Doubtless, as the apostle argues, God gave the Sabbath at the beginning; but this was not His rest, for sin spoiled creation, and He says afterward, "If they shall enter into my rest." " If " implies that they had not entered it, and might fail also. So again, after Joshua (or " Jesus") had put down the Canaanites (he never completely conquered them), after Israel had settled themselves in the land, was that the rest of God? By no means; for the Psalm which speaks of that rest was written long after Adam and Joshua. The conclusion, then, is that "there remaineth therefore a rest (σαββατισιός, a keeping of sabbath) to the people of God." Consequently it has not yet come. The apostle strengthens this from another principle, namely, that one cannot be both working and resting, in the same sense, at the same time. If one has entered into rest, one has done with works, even as is said of God Himself (ver. 10). But the bright day when we shall rest is not yet arrived. So that he is exhorting the saints to labor. Now is the time for work; and every one that has the love of Christ in such a world as this must feel it, for the simple reason that there is sin and wretchedness in the world. Divine love, whether in God or in His people, refuses to rest in the midst of evil. After Christ comes this will not be so. "There remaineth therefore a rest to the people of God."
It is not the same principle which we find in the Lord's day, for this is the intervention of divine power in the resurrection of the Lord Jesus, after He had gone down into death to make propitiation for our sins and reconcile us and all things to God. Consequently the Lord's day is an excellent day for spiritual toil, for the work of faith and the labor of love; and no one acquainted with Christ would think it wrong, if able, to preach a dozen sermons on that day, nor to take a dozen Sabbath-days' journeys to preach them. Were it the Sabbath-day, he could not do so lightly. Thus they have a wholly different character. The source, nature, and end of the Lord's day is marked out by grace in the resurrection of Christ from the dead, as the Sabbath is by creation and the law of God.

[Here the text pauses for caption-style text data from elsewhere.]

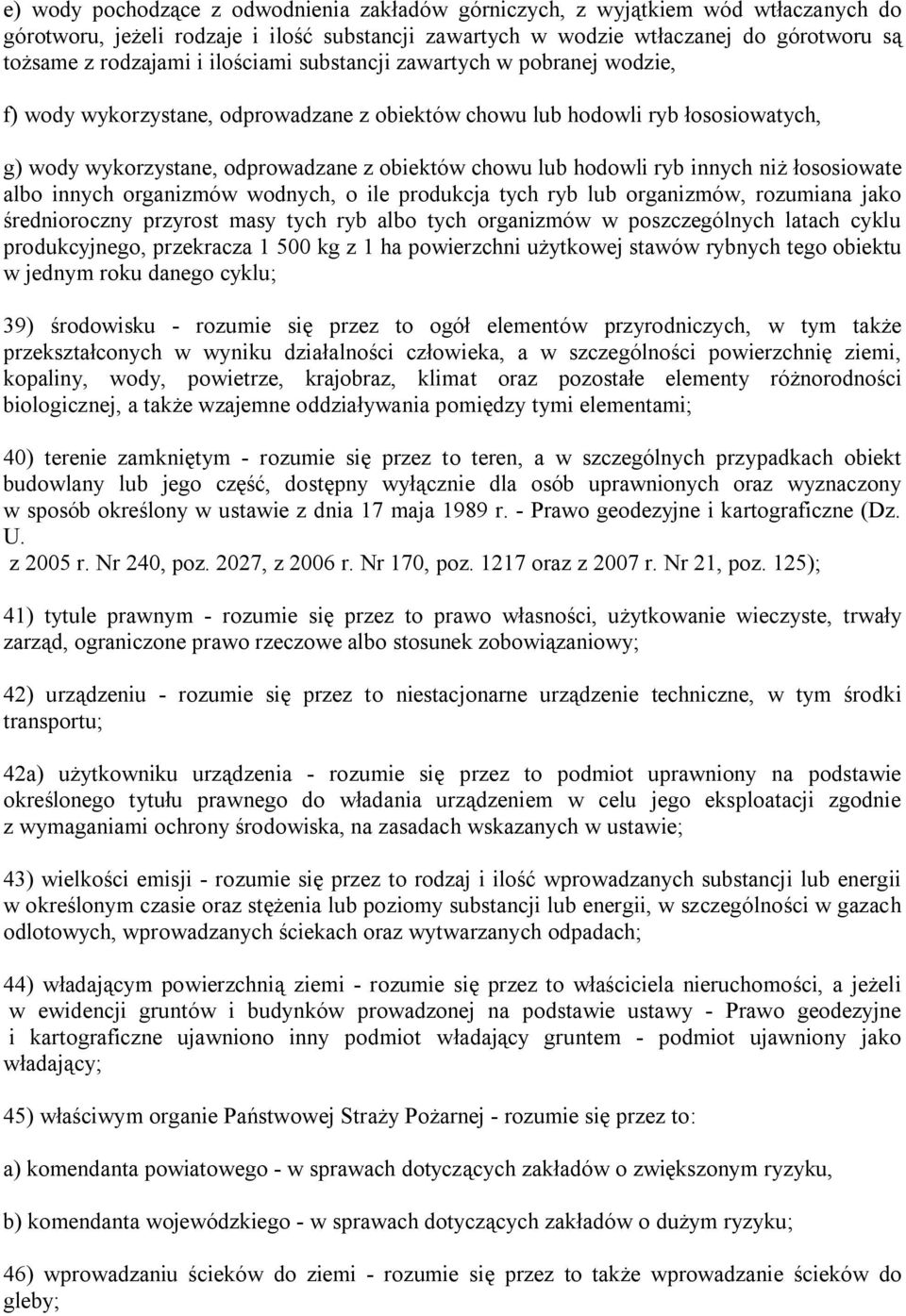 ryb innych niż łososiowate albo innych organizmów wodnych, o ile produkcja tych ryb lub organizmów, rozumiana jako średnioroczny przyrost masy tych ryb albo tych organizmów w poszczególnych latach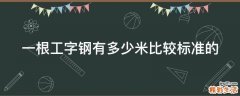 一根工字钢有多少米比较标准的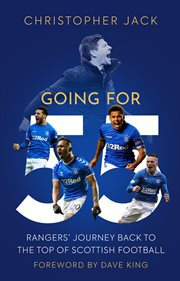 Going for 55 : Rangers' Journey Back to the Top of Scottish Football cover image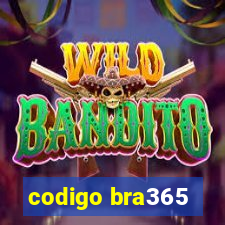 codigo bra365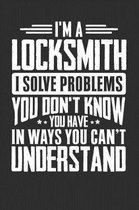 I'm A Locksmith I Solve Problems You Didn't Even Know You Have In Ways You Can't Understand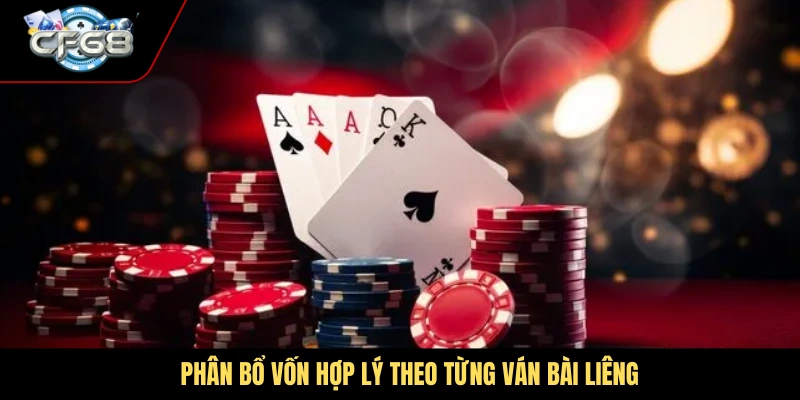 Phân bổ vốn hợp lý theo từng ván bài liêng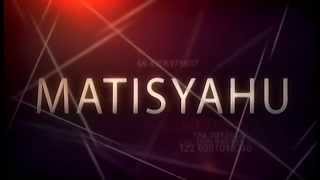 Matisyahu STAR ON THE RISE The Knitting Factory Reno, NV 8-26-14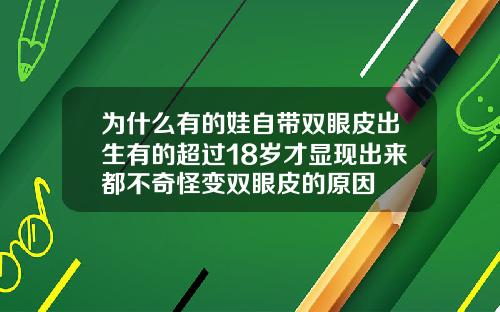 为什么有的娃自带双眼皮出生有的超过18岁才显现出来都不奇怪变双眼皮的原因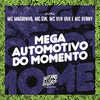 Mc Magrinho - Mega Automotivo do Momento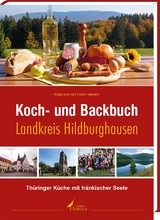 Koch- und Backbuch Landkreis Hildburghausen - Katja und Karl-Heinz Habelitz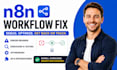 fix debug optimize and troubleshoot your n8n automation workflow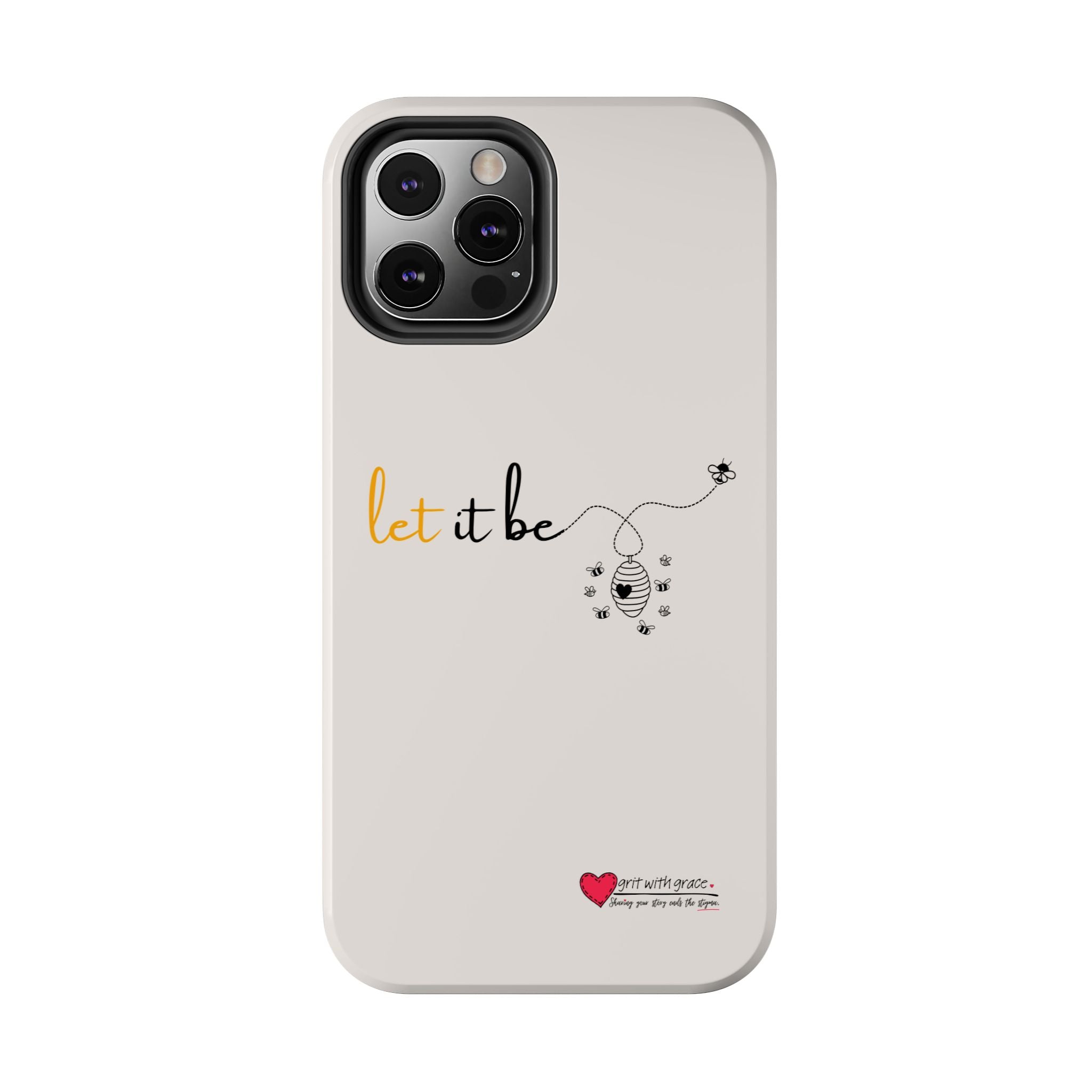 Bee Happy Series - "let it be." Tough Phone Cases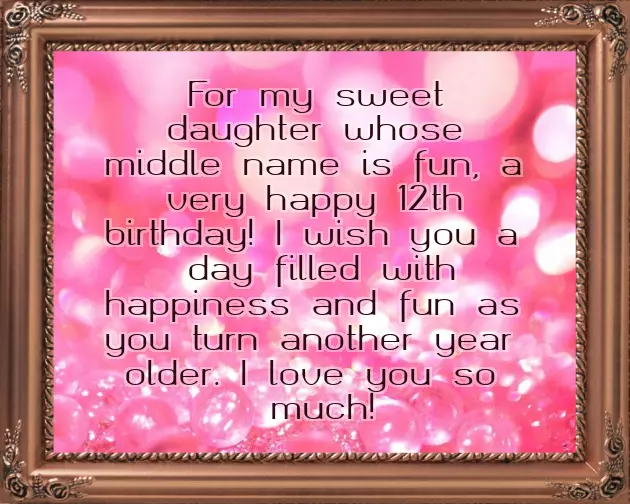 Birthday Wishes For 12 Year Daughter Birthday Wishes For 12 Year Daughter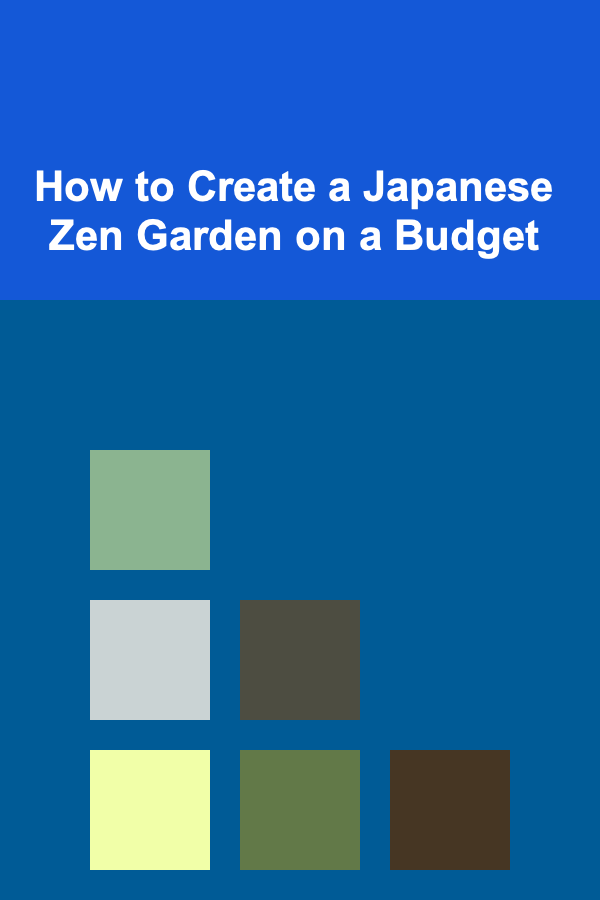 How to Create a Japanese Zen Garden on a Budget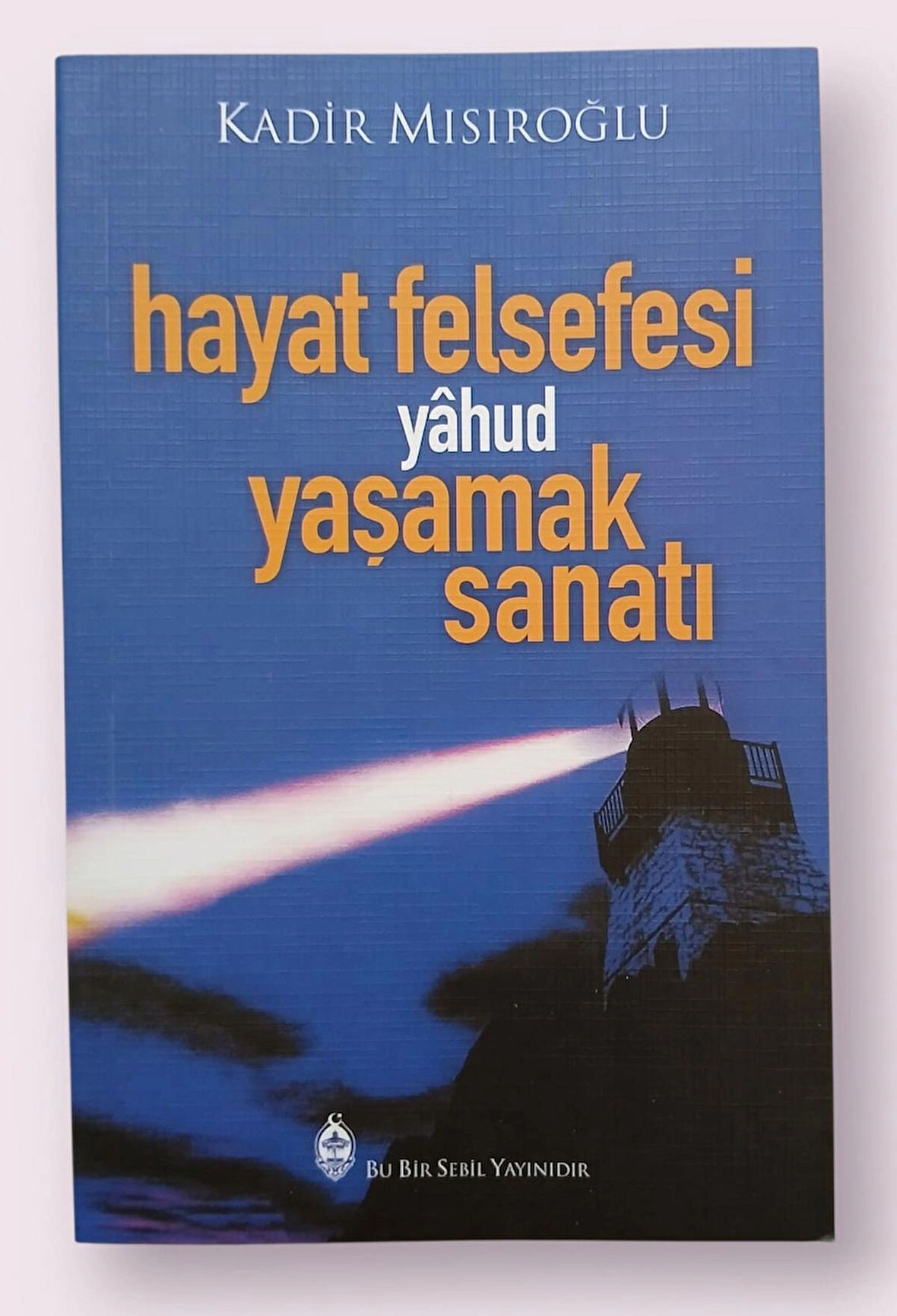 Hayat Felsefesi Yahud Yaşamak Sanatı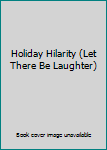 Paperback Holiday Hilarity (Let There Be Laughter) Book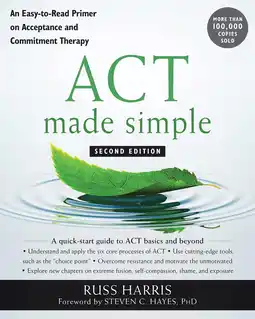 Amazon ACT Made Simple: An Easy-To-Read Primer on Acceptance and Commitment Therapy aanbieding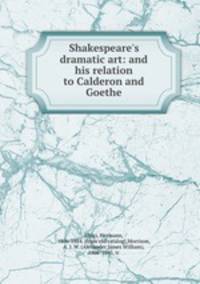Shakespeare`s dramatic art: and his relation to Calderon and Goethe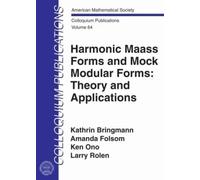 Harmonic Maass Forms and Mock Modular Forms: Theory and Applications (Colloquium Publications)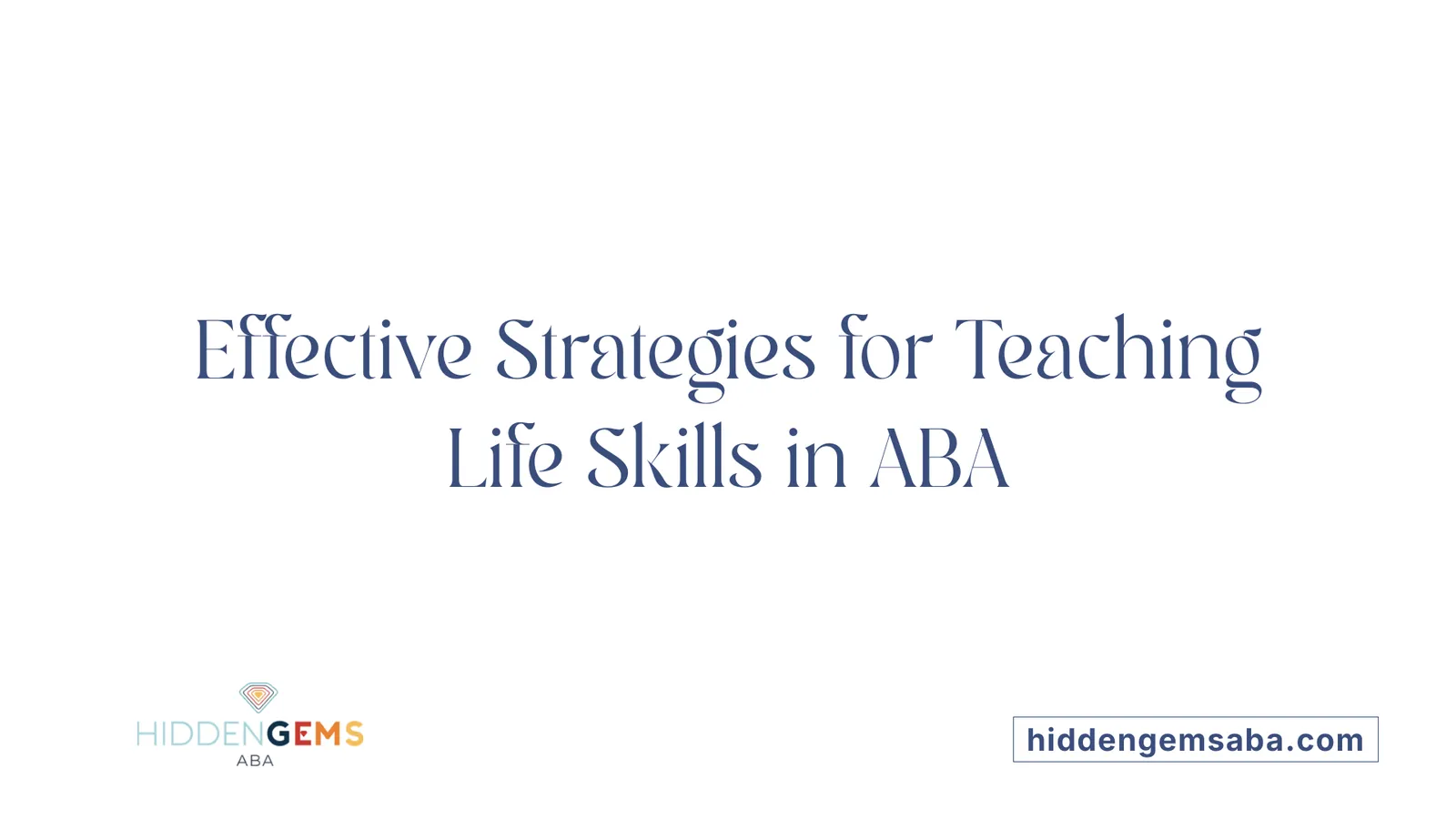 Effective Strategies for Teaching Life Skills in ABA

It seemed good to the Lord then, and it is necessary for man, that there should be first the great truth of the Sabbath set forth before we enter on the ways of God. Before He accomplished the mighty work, He hung out clearly and distinctly this initiatory pledge of rest at the end. I am coming to have my rest, He says, but not to have it alone: you shall share it in glory with Me. The Sabbath is to be fulfilled in a day yet to come; and that both for heaven and earth. But the rest is after all work is done, whether in type or anti-type.